German suspects had deadline for attacks - report


  • World
  • Saturday, 08 Sep 2007

By Erik Kirschbaum

BERLIN (Reuters) - Three suspected Islamist militants who were planning to attack U.S. installations in Germany had orders to act by Sept. 15 and knew police were hot on their trail before their arrest, a magazine said on Saturday. 

The plan was foiled on Tuesday when police arrested two German converts to Islam and a Turk in the biggest German police operation in 30 years. 

A police officer observes the scene inside the main terminal of Frankfurt's airport September 5, 2007. Three suspected Islamist militants who were planning to attack U.S. installations in Germany had orders to act by Sept. 15 and knew police were hot on their trail before their arrest, a magazine said on Saturday. (REUTERS/Kai Pfaffenbach)

According to surveillance details published in Der Spiegel magazine, the men had been given a two-week deadline for their planned strikes in a late August call from northern Pakistan that was monitored by German police. 

The militants, identified by German media as Fritz Gelowicz, Daniel Martin Schneider and Adem Yilmaz, had enough material to make bombs with power equal to 550 kilograms of TNT and were believed to be planning simultaneous car bombs across Germany. 

Officials have said all three had trained in militant camps in Pakistan before forming a domestic cell of the "Islamic Jihad Union" -- a little known al Qaeda-affiliated Sunni Muslim group with roots in Uzbekistan. 

According to Der Spiegel, Gelowicz and Yilmaz had mentioned "a disco filled with American sluts" along with airports, nightclubs or a U.S. military base as one target during a July 20 conversation that was bugged by police. 

The three suspects were aware they were under close police observation, Der Spiegel said. At one point, one of the suspects got out of a car at a traffic light, calmly walked back to an unmarked police vehicle behind him and slashed its tyres. 

The arrests were the culmination of an investigation that began a year ago, when U.S. officials alerted German authorities to e-mails intercepted from Pakistan. 

U.S. President George W. Bush was closely following the case, the magazine reported.

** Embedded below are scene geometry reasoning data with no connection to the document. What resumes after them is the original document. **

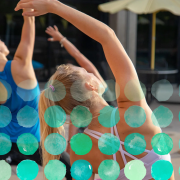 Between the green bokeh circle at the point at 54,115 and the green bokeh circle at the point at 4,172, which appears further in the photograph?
the green bokeh circle at the point at 4,172

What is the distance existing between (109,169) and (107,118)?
0.79 feet

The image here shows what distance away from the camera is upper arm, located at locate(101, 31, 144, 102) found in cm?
115

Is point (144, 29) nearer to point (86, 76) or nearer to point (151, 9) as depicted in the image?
point (151, 9)

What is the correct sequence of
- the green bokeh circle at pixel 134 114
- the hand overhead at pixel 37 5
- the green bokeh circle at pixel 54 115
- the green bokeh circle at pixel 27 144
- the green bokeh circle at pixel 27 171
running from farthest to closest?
1. the green bokeh circle at pixel 27 144
2. the green bokeh circle at pixel 27 171
3. the green bokeh circle at pixel 54 115
4. the green bokeh circle at pixel 134 114
5. the hand overhead at pixel 37 5

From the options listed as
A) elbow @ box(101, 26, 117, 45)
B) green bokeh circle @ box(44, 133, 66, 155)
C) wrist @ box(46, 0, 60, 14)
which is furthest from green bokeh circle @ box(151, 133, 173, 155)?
wrist @ box(46, 0, 60, 14)

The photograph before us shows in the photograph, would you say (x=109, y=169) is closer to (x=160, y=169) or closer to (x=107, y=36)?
(x=160, y=169)

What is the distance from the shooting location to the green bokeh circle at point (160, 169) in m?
1.25

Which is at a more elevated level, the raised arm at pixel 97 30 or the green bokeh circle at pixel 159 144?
the raised arm at pixel 97 30

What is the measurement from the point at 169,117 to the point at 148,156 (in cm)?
76

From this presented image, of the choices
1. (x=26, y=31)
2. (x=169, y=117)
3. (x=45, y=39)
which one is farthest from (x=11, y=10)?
(x=169, y=117)

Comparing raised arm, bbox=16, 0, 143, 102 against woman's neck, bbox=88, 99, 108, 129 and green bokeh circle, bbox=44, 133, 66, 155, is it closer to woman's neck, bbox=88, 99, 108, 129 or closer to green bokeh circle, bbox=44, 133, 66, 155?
woman's neck, bbox=88, 99, 108, 129

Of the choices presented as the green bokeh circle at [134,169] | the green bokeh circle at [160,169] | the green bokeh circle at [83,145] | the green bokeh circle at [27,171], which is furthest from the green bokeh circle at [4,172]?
the green bokeh circle at [160,169]

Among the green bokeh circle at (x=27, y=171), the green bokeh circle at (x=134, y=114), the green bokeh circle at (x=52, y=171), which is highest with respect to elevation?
the green bokeh circle at (x=134, y=114)

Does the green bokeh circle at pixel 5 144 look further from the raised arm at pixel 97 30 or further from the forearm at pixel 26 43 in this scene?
the raised arm at pixel 97 30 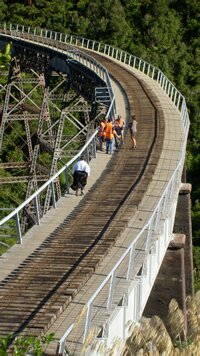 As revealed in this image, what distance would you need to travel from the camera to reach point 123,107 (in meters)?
33.7

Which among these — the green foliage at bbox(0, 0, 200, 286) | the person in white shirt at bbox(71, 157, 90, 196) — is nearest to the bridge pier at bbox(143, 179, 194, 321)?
the person in white shirt at bbox(71, 157, 90, 196)

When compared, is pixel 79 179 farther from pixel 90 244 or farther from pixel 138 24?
pixel 138 24

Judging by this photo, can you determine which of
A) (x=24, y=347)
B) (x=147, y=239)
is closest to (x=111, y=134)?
(x=147, y=239)

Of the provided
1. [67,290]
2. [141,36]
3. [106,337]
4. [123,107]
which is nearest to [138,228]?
[67,290]

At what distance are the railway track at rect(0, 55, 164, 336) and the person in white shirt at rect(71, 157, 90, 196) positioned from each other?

He asked German Chancellor Angela Merkel about it in June during a G8 summit in Heiligendamm. 

The police launched the raid on Tuesday after two local traffic police officers unaware of the investigation stopped two of the suspects in a routine traffic control because their car had its bright lights on. 

"Oh, they're on the federal police list," said one of the officers after running the names through a police computer in comments that were overheard by the suspects. 

Authorities have said there are at least 10 people under investigation, including the three. 

News of the arrest has shaken Germany, which has not suffered a major attack in past years. Germany refused to take part in the U.S.-led Iraq war but has some 3,000 troops stationed in Afghanistan and has been on high alert for attacks. 

Die Welt newspaper on Saturday quoted security sources in Germany saying there might be as many as 49 suspects. 

"We're not out of danger," Joerg Ziercke, president of the federal police office, told the newspaper. 

Neither the federal police office nor federal prosecutors have commented on the details of the arrest or the probe.